First, Chapman et al. (1991) silenced
the cortex so that action potentials from individual thalamic axons could be recorded. They found that in the ferret, LGN axons that projected to a single column had receptive fields that lined up in a row (Chapman et al., 1991; see Jin et al., 2011). Ferster et al. (1996) examined the same question from the standpoint of a single neuron rather than a single column. They found that in the cat, the orientation selectivity of a cortical neuron did not change when the cortex was silenced: thus, the orientation selectivity click here of the thalamic input alone matched that of the neuron in the unperturbed circuit. To examine the functional logic of individual connections between a pair of neurons, however, it was necessary to study their receptive fields and connections a pair at a time, as Hubel and Wiesel suggested. In the 1960s, this was possible within the LGN (Hubel and Wiesel, 1961) but later it became possible for the thalamocortical projection with the technique of cross-correlation (see below; Tanaka, 1983; Reid and Alonso, 1995). The second model (for complex cells, Figure 1D) addressed the much more difficult problem of how intracortical circuitry might transform sensory information, although some progress with this model has been made with conventional electrophysiology (Alonso and Martinez, 1998). In Hubel and Wiesel’s
complex cell model (Figure 1D), a difficult problem, of receiving inputs BAY 73-4506 from simple cells with one preferred orientation, Edoxaban was solved by the orientation column. It was transformed from a
problem that might require fine-scale functional specificity to one that was solved by topography.

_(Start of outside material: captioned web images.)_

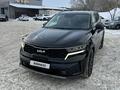 Kia Sorento 2023 года за 15 800 000 тг. в Костанай – фото 4
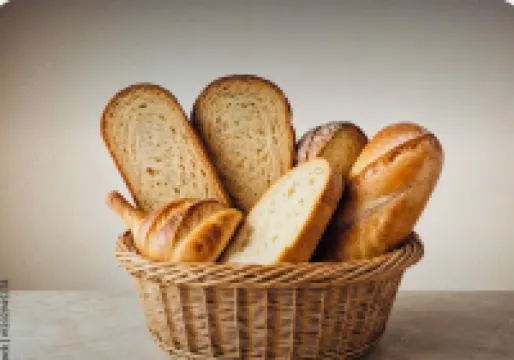 Hôte Labyrinthe Lit 180 cm Salle de Bain, Petit Dej Compris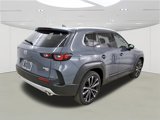 New 2025 MAZDA CX-50 2.5 Turbo w/ Cargo Package image 5
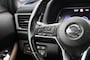 Nissan Leaf Visia 40 Kwh - 360 Camera, Carplay, Leer, SOH 95%
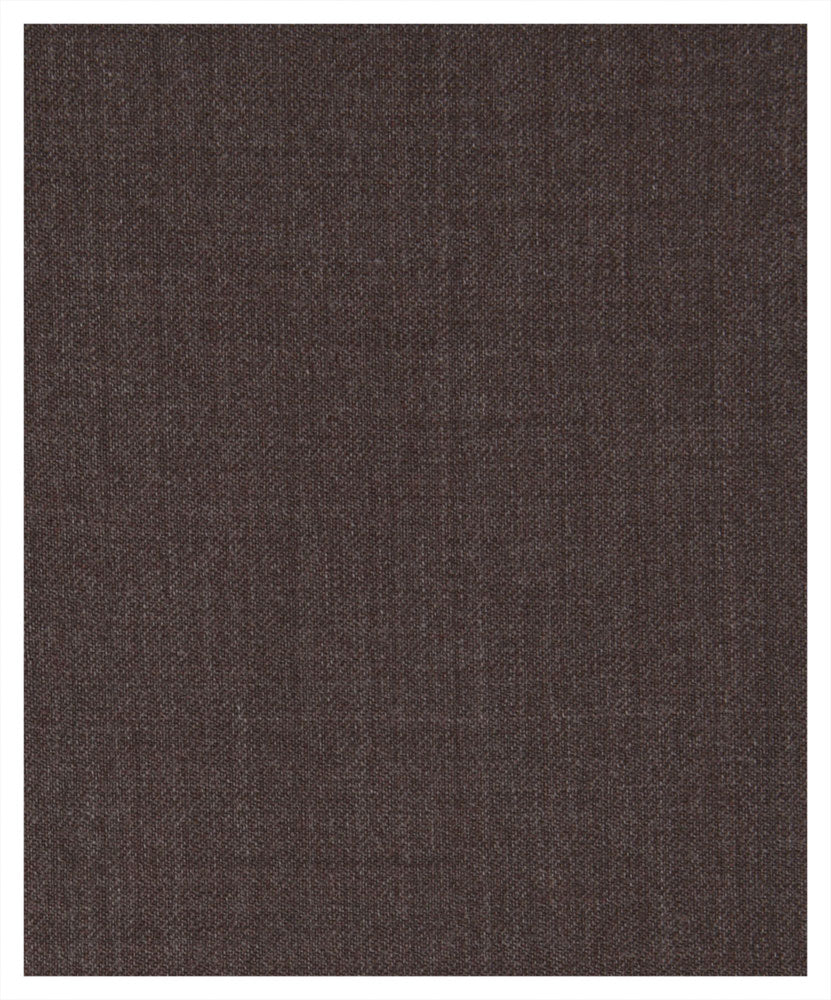 Ballin - Comfort “EZE” Super 120’s Gabardine (Flat Front) M5549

To quote the key passage again, “At first sight it would seem necessary to imagine a highly intricate tangle of interconnexions in order to link cells with common axis orientations … [but] gathered together in discrete columns are the very cells we require to be interconnected in our scheme” (Hubel and Wiesel, 1962). Without orientation columns, in the mouse, it is necessary to imagine this “highly intricate tangle of interconnexions,” a phrase that can serve as perhaps the best definition of functional specificity (Hubel and Wiesel, 1962). Hubel and Wiesel’s simple-cell model (Figure 1A) relies on functional specificity. To first approximation, in the cat visual cortex, the axons of on-center and off-center LGN cells are intermingled in layer 4 (but see Jin et al., 2011). Therefore, the precise arrangement of receptive fields of on- or off-center LGN inputs to a single simple cell cannot be explained simply by a random sampling of local thalamocortical axons (unless the number of LGN afferents to a simple cell are assumed to be unrealistically low; Ringach, 2004). Hubel and Wiesel’s complex cell model ( Figure 1D), however, relies primarily on topographic specificity.